Riot order in Australia: avoid Middle Eastern men

Andrew Clennell:

POLICE were ordered not to approach convoys of men of Middle Eastern appearance who were heading towards beachside suburbs to take revenge for the Cronulla riots.

Police confirmed last night that the commander of their operations centre gave the order at 10.45pm on December 11 - but no recording of it had been made because of a technical failure.

However, Assistant Commissioner Bob Waites told the Herald that a log entry of the commander's order was kept, revealing that he said: "Cars of Middle Eastern persons are not to be approached, just advise … registration number and location."

The revelation follows Opposition claims that police are "soft on ethnic crime" and that they failed to act quickly enough to stop revenge attacks after the Cronulla riots on December 11, when mobs attacked men of Middle Eastern background.

Before the commander's radio order that night police made an operational decision not to disperse a crowd of Middle Eastern men who gathered in Punchbowl Park, so as not to antagonise them.

The Opposition Leader, Peter Debnam, said yesterday that not only did the missing police radio communications include car registration numbers reported by police, but also "the instruction not to stop those cars".

Mr Waites confirmed this. Asked why such an order might have been issued, he replied: "They weren't committing any offences at the time [they were in convoy] and it was about making sure they recorded [the details] so they have all the information."

Mr Waites said he could not name the commander who gave the order. A technical failure meant that two of nine police radio channels were not recorded on the nights of December 11 and 12, when revenge attacks occurred. The digital recording system had been installed for the Olympics, and its only known failure had been on these two nights.

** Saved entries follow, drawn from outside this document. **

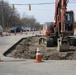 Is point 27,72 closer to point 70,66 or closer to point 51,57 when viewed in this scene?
point 70,66

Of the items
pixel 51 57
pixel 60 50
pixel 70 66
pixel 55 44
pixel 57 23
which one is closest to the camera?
pixel 70 66

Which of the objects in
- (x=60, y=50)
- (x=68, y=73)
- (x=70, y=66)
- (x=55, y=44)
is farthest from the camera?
(x=55, y=44)

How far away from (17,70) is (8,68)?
2.46ft

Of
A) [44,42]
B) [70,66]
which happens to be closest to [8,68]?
[70,66]

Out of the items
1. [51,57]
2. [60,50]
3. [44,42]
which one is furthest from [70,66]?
[44,42]

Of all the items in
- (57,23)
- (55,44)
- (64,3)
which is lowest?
(55,44)

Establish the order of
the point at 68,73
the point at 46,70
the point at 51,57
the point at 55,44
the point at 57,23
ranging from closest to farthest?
the point at 68,73 < the point at 46,70 < the point at 51,57 < the point at 57,23 < the point at 55,44

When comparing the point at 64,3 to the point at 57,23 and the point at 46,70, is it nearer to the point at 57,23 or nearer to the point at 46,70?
the point at 57,23

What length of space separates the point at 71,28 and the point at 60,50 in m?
5.91

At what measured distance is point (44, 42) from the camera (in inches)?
1134

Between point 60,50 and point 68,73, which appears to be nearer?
point 68,73

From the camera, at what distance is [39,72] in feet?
41.4

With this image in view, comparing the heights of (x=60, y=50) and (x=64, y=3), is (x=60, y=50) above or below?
below

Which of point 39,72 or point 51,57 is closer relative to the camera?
point 39,72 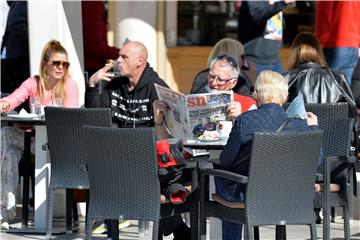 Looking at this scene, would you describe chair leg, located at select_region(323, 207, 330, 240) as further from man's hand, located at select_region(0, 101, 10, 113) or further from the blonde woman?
man's hand, located at select_region(0, 101, 10, 113)

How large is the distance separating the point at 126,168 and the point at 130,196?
6.6 inches

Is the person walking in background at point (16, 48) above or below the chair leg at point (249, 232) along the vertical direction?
above

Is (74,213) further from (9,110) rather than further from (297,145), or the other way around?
(297,145)

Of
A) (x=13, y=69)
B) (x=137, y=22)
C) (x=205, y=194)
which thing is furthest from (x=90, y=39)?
(x=205, y=194)

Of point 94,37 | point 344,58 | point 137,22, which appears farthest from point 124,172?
point 137,22

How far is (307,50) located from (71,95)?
1943 millimetres

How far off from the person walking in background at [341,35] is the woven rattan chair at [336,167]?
2.93 meters

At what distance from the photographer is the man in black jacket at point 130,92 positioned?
8367mm

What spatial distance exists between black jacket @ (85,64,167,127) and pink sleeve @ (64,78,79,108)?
1.99 feet

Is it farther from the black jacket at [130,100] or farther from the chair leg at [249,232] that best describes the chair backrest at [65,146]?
the chair leg at [249,232]

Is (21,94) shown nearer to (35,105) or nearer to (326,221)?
(35,105)

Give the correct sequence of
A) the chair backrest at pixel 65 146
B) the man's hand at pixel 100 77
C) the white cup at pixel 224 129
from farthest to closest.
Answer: the man's hand at pixel 100 77 < the chair backrest at pixel 65 146 < the white cup at pixel 224 129

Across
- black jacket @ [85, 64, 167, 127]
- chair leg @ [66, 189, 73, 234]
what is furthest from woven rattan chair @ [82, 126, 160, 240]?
chair leg @ [66, 189, 73, 234]

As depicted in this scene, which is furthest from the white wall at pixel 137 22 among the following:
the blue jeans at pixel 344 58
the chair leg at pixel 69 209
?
the chair leg at pixel 69 209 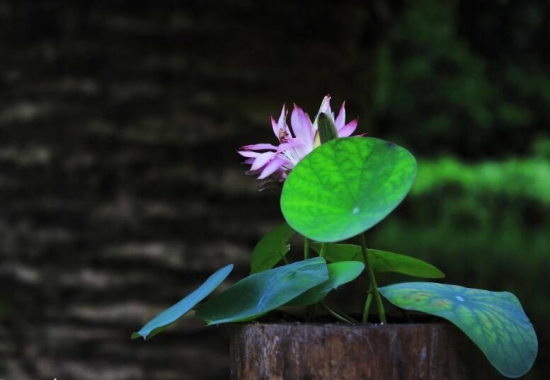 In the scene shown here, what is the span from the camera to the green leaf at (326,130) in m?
0.77

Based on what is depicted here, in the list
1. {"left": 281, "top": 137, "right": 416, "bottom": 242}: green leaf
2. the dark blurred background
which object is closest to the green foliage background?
the dark blurred background

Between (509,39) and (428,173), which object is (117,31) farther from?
(428,173)

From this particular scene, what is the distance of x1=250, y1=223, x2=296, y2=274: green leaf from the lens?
86 centimetres

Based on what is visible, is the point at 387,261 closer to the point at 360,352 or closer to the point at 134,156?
the point at 360,352

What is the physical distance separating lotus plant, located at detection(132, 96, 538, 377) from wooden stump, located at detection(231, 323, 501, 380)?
0.02 m

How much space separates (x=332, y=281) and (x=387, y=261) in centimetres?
12

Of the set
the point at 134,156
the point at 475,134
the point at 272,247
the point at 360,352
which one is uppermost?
the point at 475,134

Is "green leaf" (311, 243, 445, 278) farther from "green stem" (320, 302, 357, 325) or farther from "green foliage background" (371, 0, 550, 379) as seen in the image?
"green foliage background" (371, 0, 550, 379)

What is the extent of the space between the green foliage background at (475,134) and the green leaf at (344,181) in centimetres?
203

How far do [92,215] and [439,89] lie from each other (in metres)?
7.00

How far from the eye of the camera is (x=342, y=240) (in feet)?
2.28

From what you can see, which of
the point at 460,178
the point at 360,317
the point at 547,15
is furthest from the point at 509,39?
the point at 360,317

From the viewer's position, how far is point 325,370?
692 millimetres

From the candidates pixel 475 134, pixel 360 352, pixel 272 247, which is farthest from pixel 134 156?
pixel 475 134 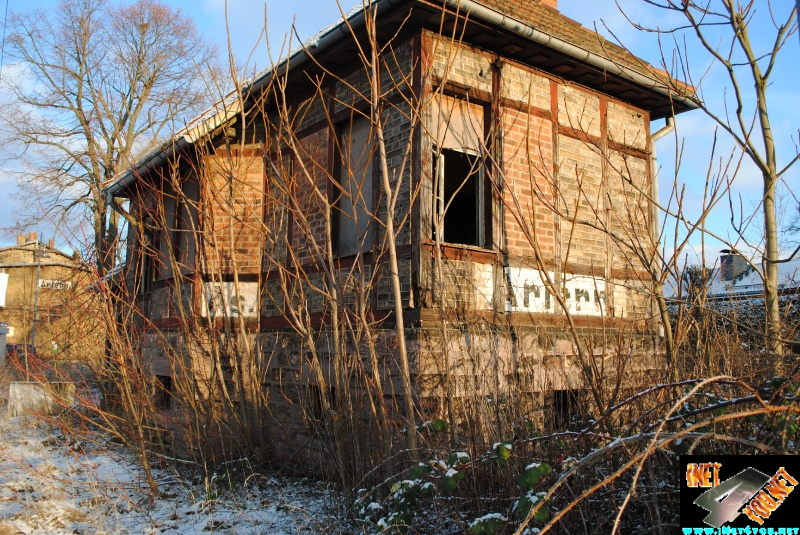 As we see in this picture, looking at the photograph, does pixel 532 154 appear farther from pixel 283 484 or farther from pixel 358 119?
pixel 283 484

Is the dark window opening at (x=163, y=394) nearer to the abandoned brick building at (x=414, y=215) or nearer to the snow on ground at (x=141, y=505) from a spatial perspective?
the abandoned brick building at (x=414, y=215)

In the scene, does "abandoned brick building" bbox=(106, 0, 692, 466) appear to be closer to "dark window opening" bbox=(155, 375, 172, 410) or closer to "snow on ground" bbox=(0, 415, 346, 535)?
"dark window opening" bbox=(155, 375, 172, 410)

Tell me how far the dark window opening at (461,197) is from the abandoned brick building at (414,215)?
47mm

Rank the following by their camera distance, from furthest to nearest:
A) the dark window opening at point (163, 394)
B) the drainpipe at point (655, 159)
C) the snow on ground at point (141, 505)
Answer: the dark window opening at point (163, 394) < the drainpipe at point (655, 159) < the snow on ground at point (141, 505)

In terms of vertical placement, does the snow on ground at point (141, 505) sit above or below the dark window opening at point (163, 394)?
below

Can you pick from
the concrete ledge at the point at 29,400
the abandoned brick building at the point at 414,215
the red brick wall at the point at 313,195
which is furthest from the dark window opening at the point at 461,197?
the concrete ledge at the point at 29,400

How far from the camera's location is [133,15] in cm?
2477

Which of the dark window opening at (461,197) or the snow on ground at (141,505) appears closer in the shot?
the snow on ground at (141,505)

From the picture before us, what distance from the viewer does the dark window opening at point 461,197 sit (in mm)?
6512

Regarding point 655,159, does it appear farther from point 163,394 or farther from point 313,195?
point 163,394

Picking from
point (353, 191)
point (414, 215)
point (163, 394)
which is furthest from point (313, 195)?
point (163, 394)

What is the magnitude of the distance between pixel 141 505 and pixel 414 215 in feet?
12.0

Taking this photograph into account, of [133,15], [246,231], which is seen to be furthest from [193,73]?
[246,231]

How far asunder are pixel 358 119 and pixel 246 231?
7.47ft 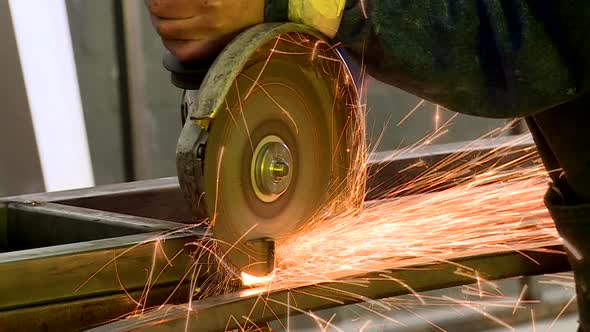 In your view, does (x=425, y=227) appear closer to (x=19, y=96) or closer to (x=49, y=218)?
(x=49, y=218)

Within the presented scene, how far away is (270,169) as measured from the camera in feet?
4.10

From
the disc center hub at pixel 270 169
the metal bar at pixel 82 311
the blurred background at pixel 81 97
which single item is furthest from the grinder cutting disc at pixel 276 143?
the blurred background at pixel 81 97

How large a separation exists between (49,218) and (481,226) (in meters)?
0.78

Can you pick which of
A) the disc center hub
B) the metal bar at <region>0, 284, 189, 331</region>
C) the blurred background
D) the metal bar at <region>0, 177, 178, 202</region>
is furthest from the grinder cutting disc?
the blurred background

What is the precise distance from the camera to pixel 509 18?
1112 millimetres

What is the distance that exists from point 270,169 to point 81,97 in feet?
6.21

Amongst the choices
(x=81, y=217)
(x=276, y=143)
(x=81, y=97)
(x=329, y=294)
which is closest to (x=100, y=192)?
Result: (x=81, y=217)

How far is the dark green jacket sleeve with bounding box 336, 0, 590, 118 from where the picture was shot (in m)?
1.10

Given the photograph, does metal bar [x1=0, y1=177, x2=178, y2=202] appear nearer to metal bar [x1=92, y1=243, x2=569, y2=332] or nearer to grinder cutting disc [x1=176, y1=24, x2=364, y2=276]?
grinder cutting disc [x1=176, y1=24, x2=364, y2=276]

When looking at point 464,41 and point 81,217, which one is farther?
point 81,217

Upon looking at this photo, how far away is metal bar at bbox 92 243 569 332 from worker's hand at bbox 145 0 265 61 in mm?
317

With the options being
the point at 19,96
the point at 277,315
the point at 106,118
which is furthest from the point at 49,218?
the point at 106,118

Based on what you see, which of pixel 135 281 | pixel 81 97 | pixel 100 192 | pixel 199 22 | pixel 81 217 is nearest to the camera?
pixel 199 22

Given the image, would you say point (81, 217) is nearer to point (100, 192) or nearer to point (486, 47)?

There was a "switching" failure involving the two channels, but the exact cause had not been pinpointed. "It's never happened before … I don't want it to happen again," Mr Waites said.

Although some men of Middle Eastern appearance were held on December 11, after windscreens were smashed and people terrorised, no charges were laid against alleged revenge attackers until last week, other than two arrested for burning an Australian flag in Brighton-le-Sands.

Police said last night that the radio glitch was not a major problem. While car registration numbers of possible revenge attackers were not on tape, phone operators had taken them down by hand. They had 200 registration numbers from the nights of December 11 and 12, and none had been lost.

The head of Strike Force Enoggera, Superintendent Ken McKay, said he was sick of the investigation into the revenge attacks being politicised and he promised there would be arrests.

"We are investigating a large number of crimes that occurred on this night and I'm quite confident, having around 200 car numbers … A lot has been made of issues that aren't issues."

Police were forced into damage control yesterday after the 2GB broadcaster Ray Hadley raised accusations that police tapes had been "lost".

Mr Debnam called for an investigation. "It will be a critical issue over the next few months to find out exactly why that instruction was issued … no doubt there'll be another scapegoat, but I think the Government's getting to the point where the next scapegoat will be [the Police Minister, Carl] Scully."